You are correct that you can't lossily compress a vinyl, but you absolutely can master a vinyl for maximum loudness. It's harder to do, and some of the techniques are different, but it can be done, people did it, and this was actually where the loudness war started. And notably, unlike digital, vinyl does not impose a maximum loudness wall. If you find a way to make the groove wobble more than before, the player will absolutely produce a louder signal than before, whereas with digital you have a strict limit to your levels at +/-32768.

To make matters worse, people aren't doing separate masters for audiophile formats anymore, so vinyl is getting the ultra-compressed, low-dynamic-range master anyway. That is because the vast majority of people buying vinyl were doing so as merch, not so much as a way to buy better-mastered albums.

This is complete bullshit, sorry. Digital is more capable of faithfully reproducing sound than vinyl is. Vinyl does not have technical advantages when it comes to faithful sound reproduction. I mean, it literally degrades over time, for chrissake!

I don't know what kind of "compression issues" you're talking about but I strongly suspect you'd be well served by learning about the Nyquist–Shannon sampling theorem.

> Digital is more capable of faithfully reproducing sound than vinyl is.

That's exactly the problem that makes digital unsuitable.
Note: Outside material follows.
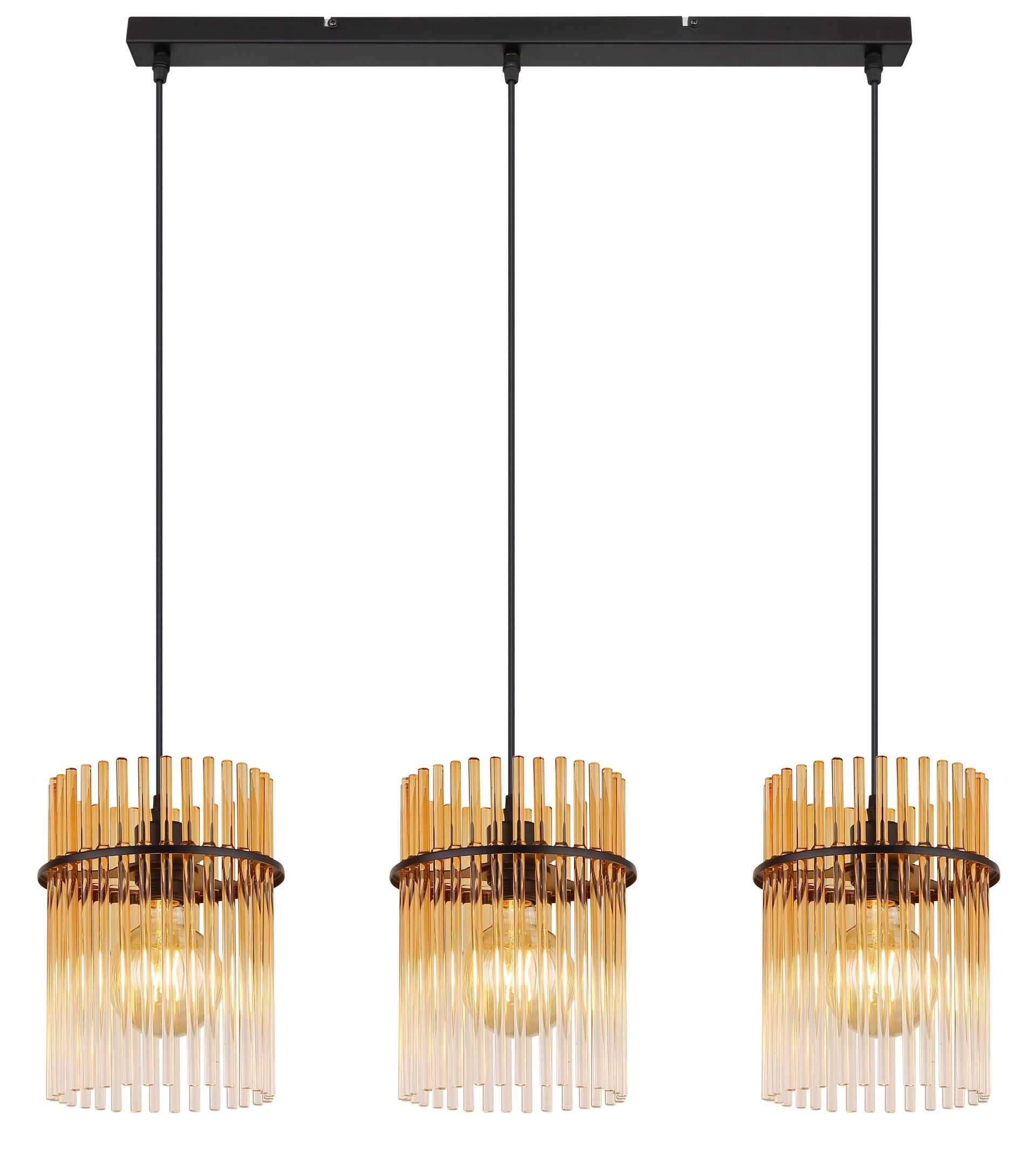 elegante-hanglamp-met-amber-kleur-glas-gorley-variant-image2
Theoretically digital can reproduce sound faithfully, but if the medium allows sound engineers to compress the hell out of music, then they will abuse the opportunity.

Vinyl is a very limited format and you can't really do any sort of "creative" audio optimization bullshit with it.

Compression in the audio waveform sense has nothing at all to do with the medium. You can absolutely press the same compressed masters on vinyl or release the uncompressed masters digitally. It's a matter of what the customer base is looking for. Digital music is made for the mass market where "louder" means standing out and thus more success while contemporary vinyl is made for the enthusiast who can afford high-end equipment and clean listening environments.

> You can absolutely press the same compressed masters on vinyl

Nah, there's physical limits of the needle-in-a-groove medium that prevent this.

> or release the uncompressed masters digitally.

Technically yes, but nobody is gonna do this and risk not "standing out".

> who can afford high-end equipment

The average vinyl record player nowadays costs less than $150. The market is absolutely flooded with low-end Chinese turntables.

When a modern person listens to vinyl records for the first time, the immediate reaction is "how the hell do I make this louder so it pops out more".

And the answer is that you can't, the medium just doesn't work like that.

Heck, almost everything is available for free on YouTube.

This is very far from truth unless you only listen freshs pop music. And even then it is easy to click a song only to receive "not available in your region".

no, I've found many an album on youtube that isn't anywhere else and was uploaded by a random guy 10 years ago

What? I find plenty of jazz and classical music on youtube. yt-dlp -x is your friend.

I find it amusing that youtube can be the source of my "pirated" music and get away with it. But the piratebay guys got their lives smashed to pieces.

But that I guess, is our civilization today. One set of rules for politicians and corporations, and one set for the slaves.